=== Problem statement ===
Using the entries below, copy exactly each line from the line with "To conclude, Focusrite" up to and including the line with "Today I'm going to introduce", with every picture left out.

[Opening Data records section]

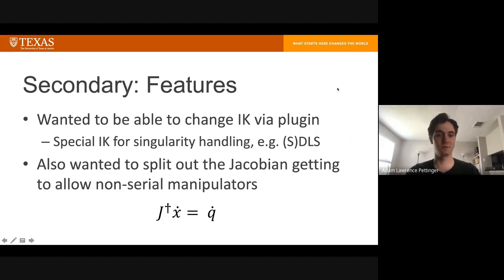Some features I wanted to add to servo were the ability to change the IK method in a plugin-style fashion, so that the math could be swapped out — specifically to handle singularities better than just slowing down and stopping. I also wanted to add functionality to get the Jacobian from an external source in a plugin fashion, since right now it comes from the robot state in the MoveIt core. Splitting it out would allow somebody to use servo with a non-serial robot — like a parallel robot or one with fancy linkages — if they could just substitute their own Jacobian method.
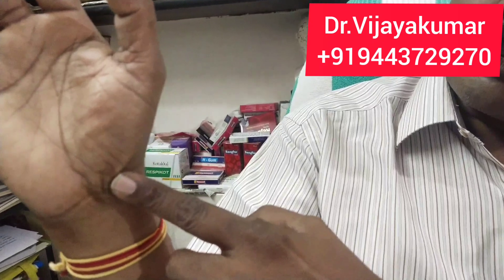If you look at the LU-9 point, there is the LU-9 acupuncture point. You can check and do your massage daily.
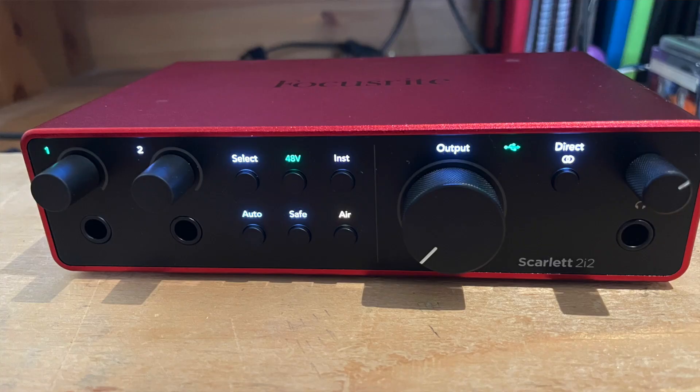To conclude, Focusrite has done an awesome job with these Scarlett 4th generation audio interfaces. I'm super impressed with the preamps, and I love the improvements — especially on the 2i2 with auto gain and clip safe. You're getting amazing quality and value for the price. The only question is: do you need the Solo or do you want the 2i2? If you have the budget, the 2i2 is a great fit — it's more flexible with its inputs and has auto gain and clip safe. Thanks for watching — hit like, hit subscribe, and click the link below to Best Buy's website to get the Focusrite Scarlett audio interface.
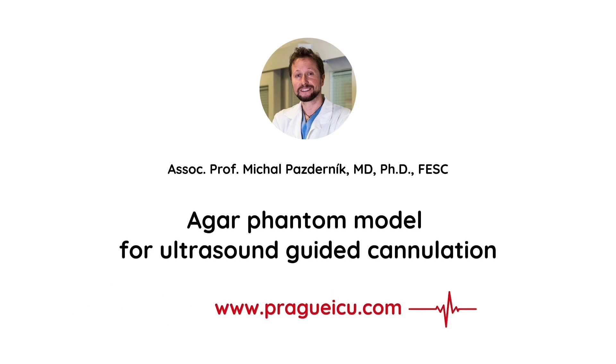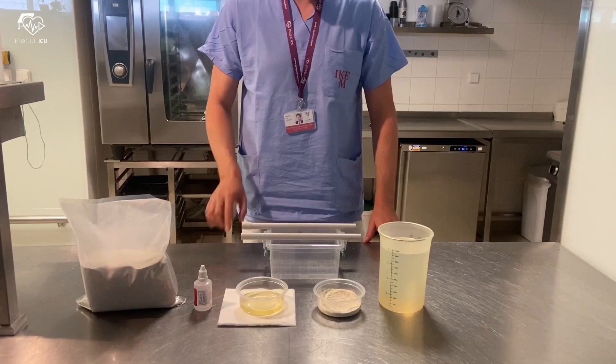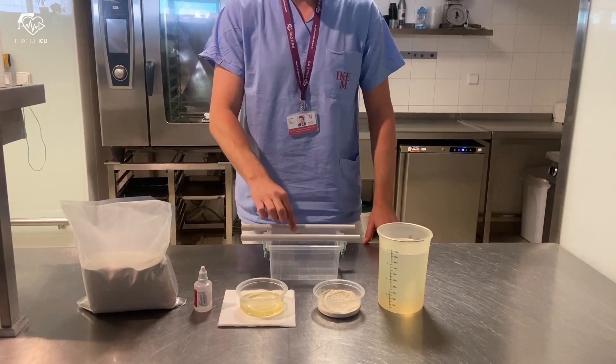Hi guys, I'm Mikhail from Prague ICU and today I'm going to show you how to prepare the Agar Phantom model for ultrasound guided cannulation. Which components do we need for preparation of the Agar model?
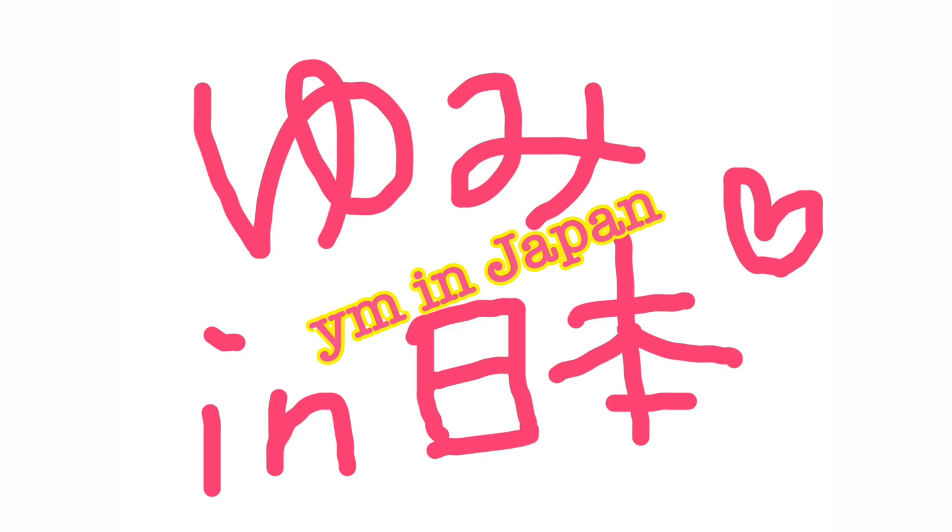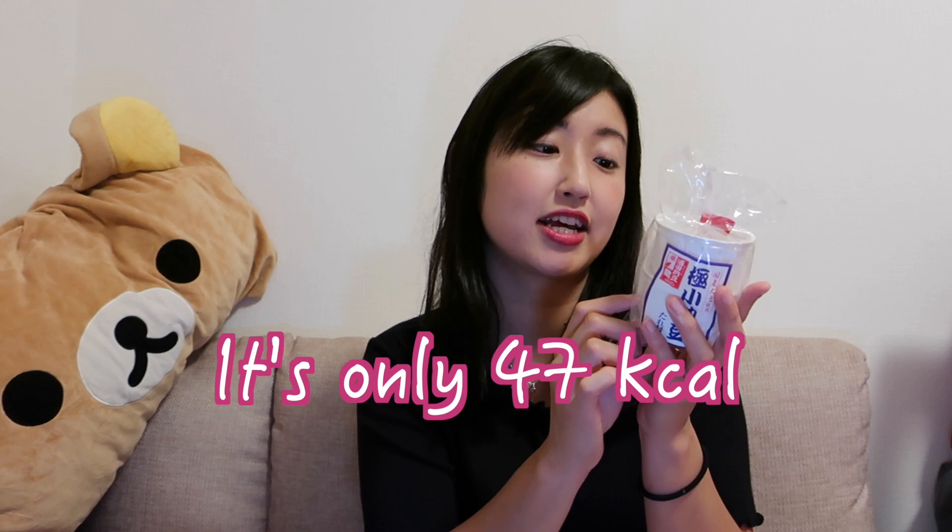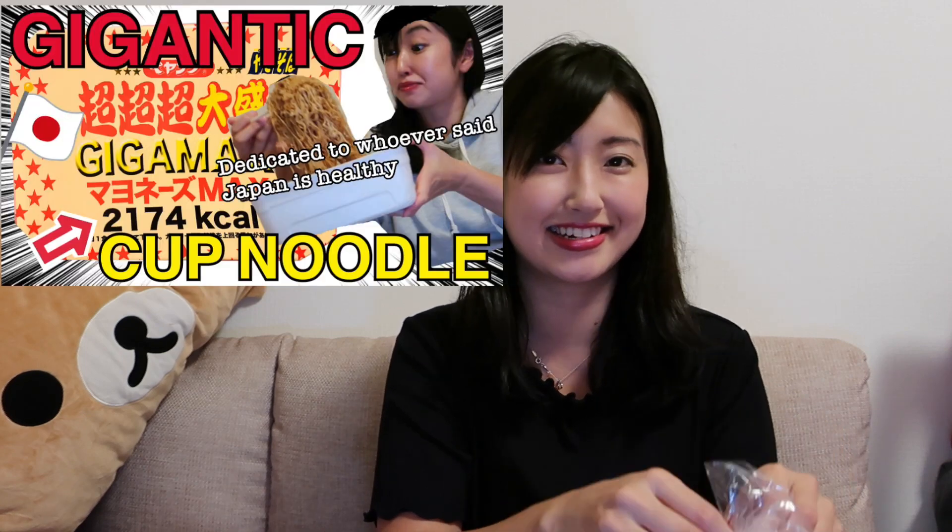Today I'm going to introduce what natto is. Okay, let's start. I brought natto here. This is natto. This is not the regular natto — I got these from my mom, they're good ones. There are 30 grams of soybeans in one pack, and it's only 47 kilocalories.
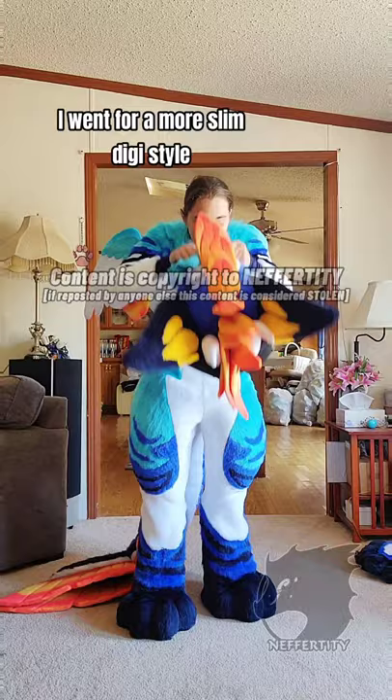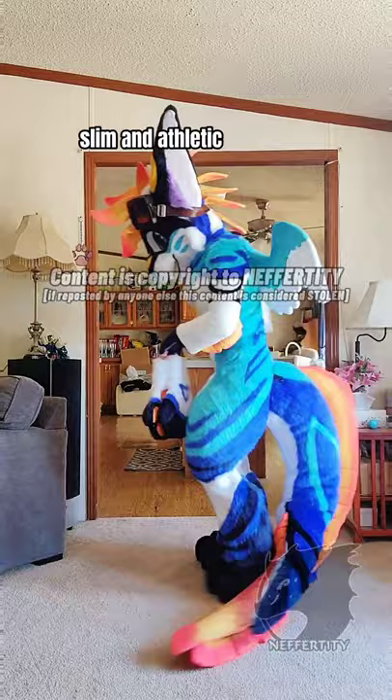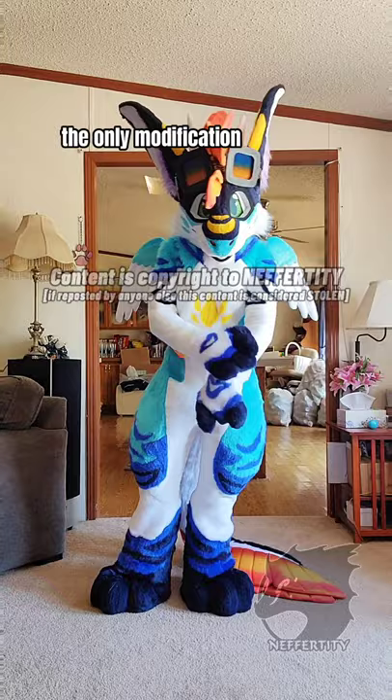I went for a more Slim Digi style with Keanu because he's supposed to be slim and athletic and just really well-built, so I tried a lot of different things. The only modification I know I have to make is I need to lengthen my arm sleeves, but other than that, he looks awesome!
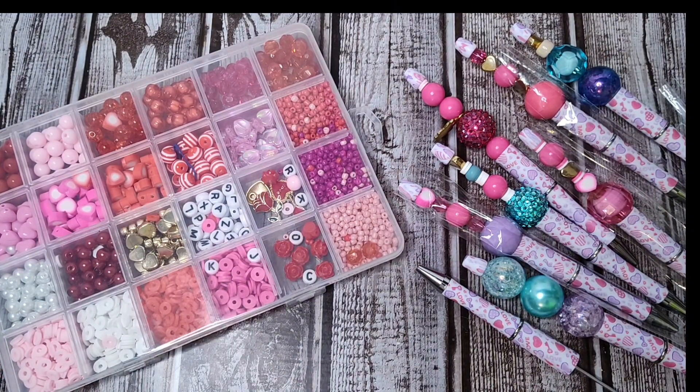Hello everyone, it's Jennifer. Welcome to another BB Craft Project Share.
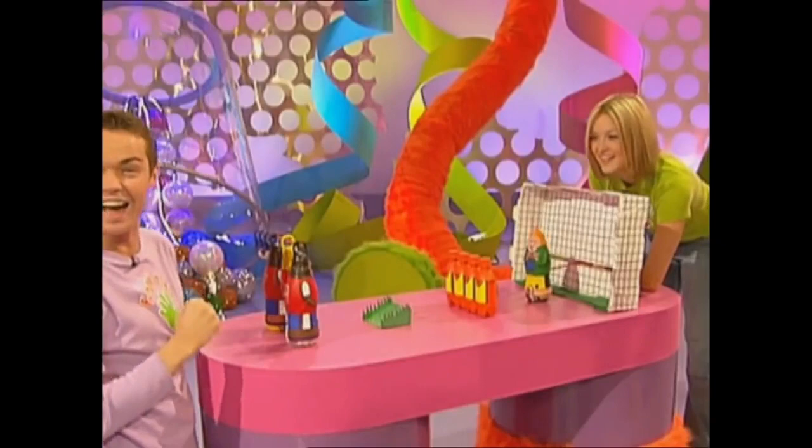If you're looking for know-how, Fern and Stephen have the show-how. Fingertips, now on video and DVD.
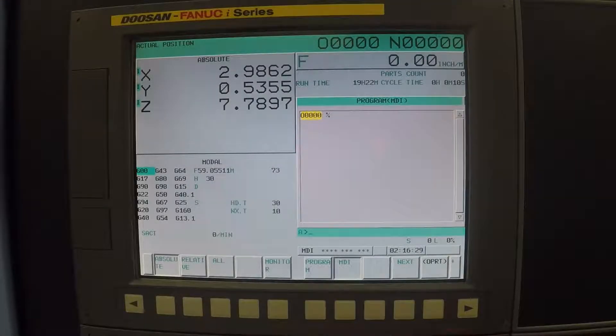Once you have installed the Renishaw probe in Tool 30 and double-checked the length value of it, you are now ready to start probing your block.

[Closing Data records section]

=== Solution for this problem ===
To conclude, Focusrite has done an awesome job with these Scarlett 4th generation audio interfaces. I'm super impressed with the preamps, and I love the improvements — especially on the 2i2 with auto gain and clip safe. You're getting amazing quality and value for the price. The only question is: do you need the Solo or do you want the 2i2? If you have the budget, the 2i2 is a great fit — it's more flexible with its inputs and has auto gain and clip safe. Thanks for watching — hit like, hit subscribe, and click the link below to Best Buy's website to get the Focusrite Scarlett audio interface.
Hi guys, I'm Mikhail from Prague ICU and today I'm going to show you how to prepare the Agar Phantom model for ultrasound guided cannulation. Which components do we need for preparation of the Agar model?
Today I'm going to introduce what natto is. Okay, let's start. I brought natto here. This is natto. This is not the regular natto — I got these from my mom, they're good ones. There are 30 grams of soybeans in one pack, and it's only 47 kilocalories.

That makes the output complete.